YtY: You know that’s not going to work, don’t you?
RS: He’s right. That’s not a weed.
Me: We don’t know exactly what it is.
YtY: I do. It’s a fungus, I’m telling you.
RS: Well, it’s definitely not a weed.
Me: I don’t have any fungicide! But I have this, and I have to do something!
YtY: How about that ice cream?
Realizing the local nursery was closed and I would have to wait until morning to exact my revenge on the vomitous mass clinging tenaciously to my darling lawn, I gave in and went for ice cream. By the time I returned, the Nasty Thing On the Lawn had begun to darken and shrink slightly. After another minor debate with YtY about whether this was merely my imagination (his opinion) or actually a positive result of the weed killer (my desperate hope reasoned opinion) we went inside and drowned our my sorrows in ice cream.

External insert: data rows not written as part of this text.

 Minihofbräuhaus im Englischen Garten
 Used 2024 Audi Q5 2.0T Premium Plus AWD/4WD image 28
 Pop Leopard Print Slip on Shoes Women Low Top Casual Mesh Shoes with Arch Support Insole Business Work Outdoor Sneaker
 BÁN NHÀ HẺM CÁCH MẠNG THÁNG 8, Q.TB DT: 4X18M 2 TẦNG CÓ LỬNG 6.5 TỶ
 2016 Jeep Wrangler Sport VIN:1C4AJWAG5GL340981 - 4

First thing this morning on the way to work, I stopped off at the nursery to ask about The Nasty Thing On the Lawn and, hopefully, to pick up some Nasty Thingicide. Preferably the variety that works on vomitous masses. (Note: I also got some Bermuda grass killer. Take THAT, Bermuda Triangle!)

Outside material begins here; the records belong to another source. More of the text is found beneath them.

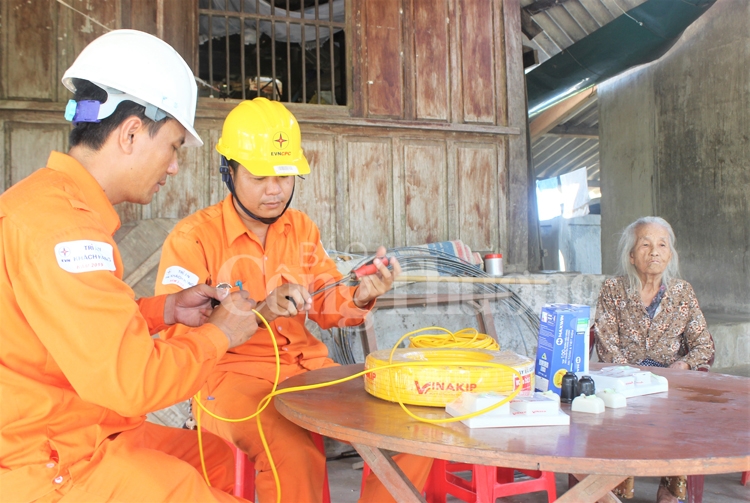 Ngành điện Quảng Bình: Ý nghĩa các hoạt động tri ân khách hàng nganh dien quang binh y nghia cac hoat dong tri an khach hang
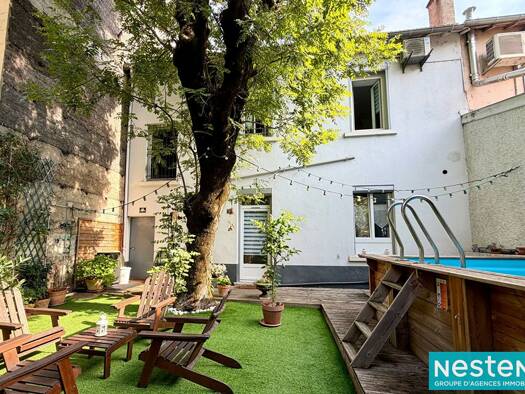 Maison à vendre 554 000 € 6 pièces 5 chambres 180 m² 203 m² de terrain Cusset Villeurbanne 69100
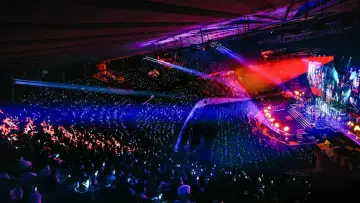 Задник до фильму"LE SSERAFIM TOUR 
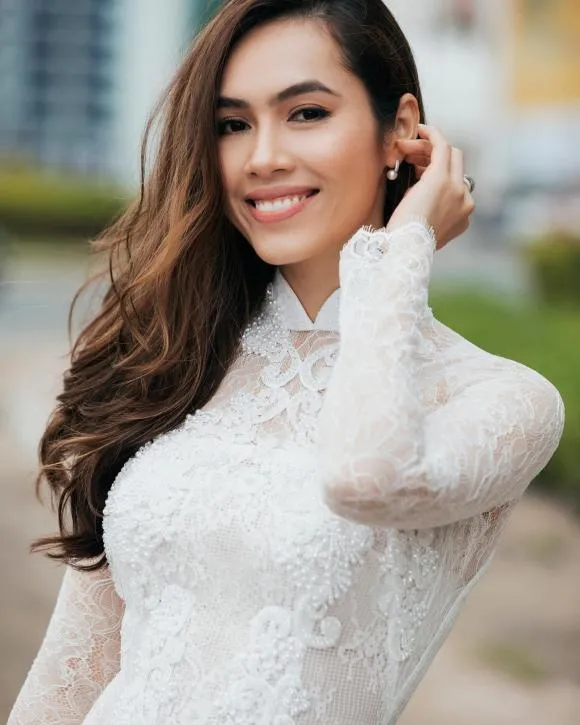 Á hậu Hoàng My với nụ cười rạng rỡ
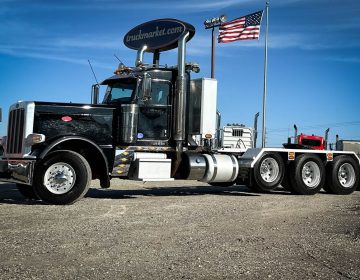 2019 Peterbilt 389 Tri Axle Daycab 234271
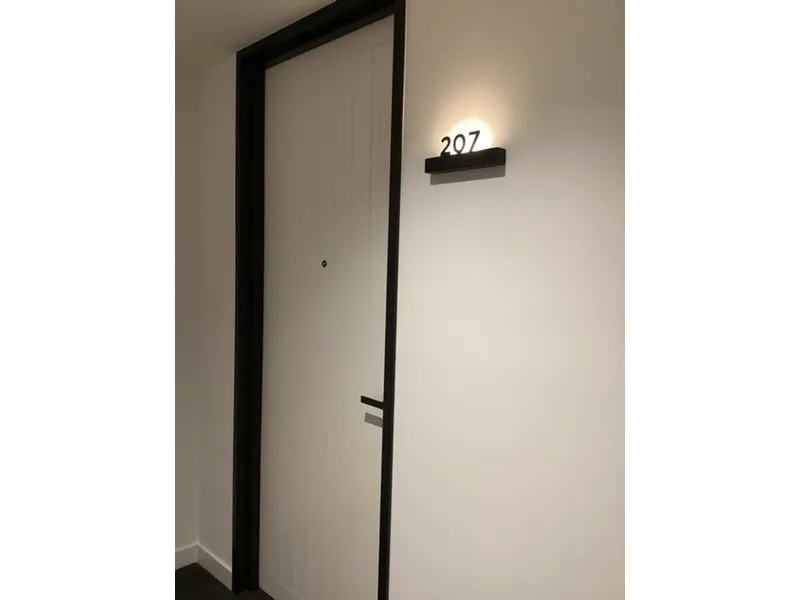 Victoria & Vine Executive Living!!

Inside the nursery, I had a conversation with a very helpful staff member that went something like this:
Me: Thanks for the Bermuda grass killer. Have you got anything that kills fungus? Because I have this really nasty thing on my lawn – it’s not like anything I’ve ever seen before, but I’m pretty sure it’s a fungus. (See what I did there? I accepted Yak the Younger’s reality and adopted it as my own!)
Helpful Staff Member: Does it look like dog vomit?

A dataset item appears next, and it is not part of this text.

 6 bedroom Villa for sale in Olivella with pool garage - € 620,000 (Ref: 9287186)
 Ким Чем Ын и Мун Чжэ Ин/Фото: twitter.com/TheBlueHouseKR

Me: (wondering if I should rename her “helpful stalker”) Yes, actually it does.
Helpful Staff Member: It’s a fungus. It’s Dog Vomit Fungus.
Me: Dog…
Helpful Staff Member: Yep. That’s actually it’s name. Pretty gross, huh?
Me: I’d go with ‘pretty accurate’ actually. Do you have anything that kills it?
Helpful Staff Member: Not specifically no, but it’s easy to get rid of. Toss some nitrogen on it and that will speed up the decay cycle. Then you just have to remove it once it dries up.
Me: So…something like Scott’s weed and feed? Just toss it on there?
Helpful Staff Member: Yeah, that would work great.
Me: Thanks. You made my day.
And it wasn’t a lie. It’s a rare day when everyone in the Random Family gets to be right at the same time. Yak the Younger gets credit for knowing a fungus when he sees it (even though technically Dog Vomit is a slime mold), The Random Spouse gets credit for pointing out that the ice cream would, in fact, make me feel better, and I’m taking credit for knowing exactly what to do with the Nasty Thing On the Lawn…even if I got there by accident.